Лонг сам слушал выступления певцов, как бродячих актеров, так и уличных поэтов, один из которых мог импровизировать на санскрите на любую предложенную тему. В песнях содержалось немало высказываний на политические и социальные темы: «К примеру, назначение плантаторов, производящих индиго, на почетные чиновничьи должности вызвало сильное возмущение среди райятов в некоторых областях. Обычной ремаркой на эту тему было: „Je rakhak se bhakhak“, то есть „человеком, который должен нас защищать, стал волк“»[176]. Популярные листовки, которые выпускали десятками тысяч и расклеивали на стенах, придерживались в основном религиозных вопросов вроде деяний богов. Лонг ничего хорошего не мог сказать про «эротику», но отметил, что этот тип литературы тоже адресован массовому читателю. Он нашел мало серьезной литературы или аналогов европейских романов, хотя и счел, что некоторые религиозные истории «написаны таким образом и в таком стиле, что производят на читателей и слушателей эффект, сходный с литературным»[177]. Лонг подсчитал, что более семи сотен авторов опубликовали книги на бенгальском, и всех их перечислил. Никто из них, по его мнению, не мог считаться великим писателем, хотя Лонг признался в определенном уважении к Бхарату Чандре, чей «Шишубодх» был «наиболее распространенной книгой в местных школах, однако полной непристойностями и мифами». «Видеа Сундар» Чандры, «самое известное повествование, остроумное, но неприличное», было недавно напечатано тиражом 3750 экземпляров и распродано за четыре месяца[178]. Несмотря на их прискорбную распущенность, у бенгальских авторов была возможность создать богатую литературу, адаптировав наследие санскрита к интересам растущего читающего сообщества. Уже одно их число говорило о том, что «разум бенгальцев был пробужден от векового сна»[179].

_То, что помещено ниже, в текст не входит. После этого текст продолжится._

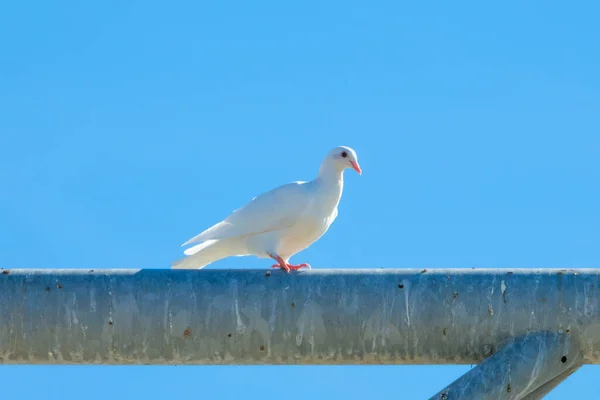 White Dove Pink Beak Sits Dirty Metal Surface Blue Sky — Stock Photo, Image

Короче говоря, бенгальская литература начала процветать, хотя большинство европейцев даже не задумывались о ее существовании. Чтобы ознакомиться с ней, им пришлось бы пересечь черту, отделявшую британское общество от «туземных кварталов» северной Калькутты, и пройтись по переполненным людьми типографиям и повсюду разбросанным книжным лавкам, которых было особенно много на Читпур-роад, «их Патерностер-роу»[180], в районе Баттала. Лонг детально обследовал эту территорию, а кроме того, обозначил связи, соединявшие производителей в Калькутте с потребителями в глубинке. За исключением сезона дождей, когда они работали на полях, двести крестьян-книгонош регулярно пополняли запасы в книжных лавках столицы и рассеивались по сельской местности, неся свой товар на голове. Удваивая цену оптовика, они часто получали по шесть-семь рупий в год, а их навык продажи из рук в руки делал таких разносчиков идеальными посредниками в системе распространения, затрагивающей как читателей, так и слушателей чтения: «Бенгальцы считают лучше рекламой книги живого продавца, который сам демонстрирует товар»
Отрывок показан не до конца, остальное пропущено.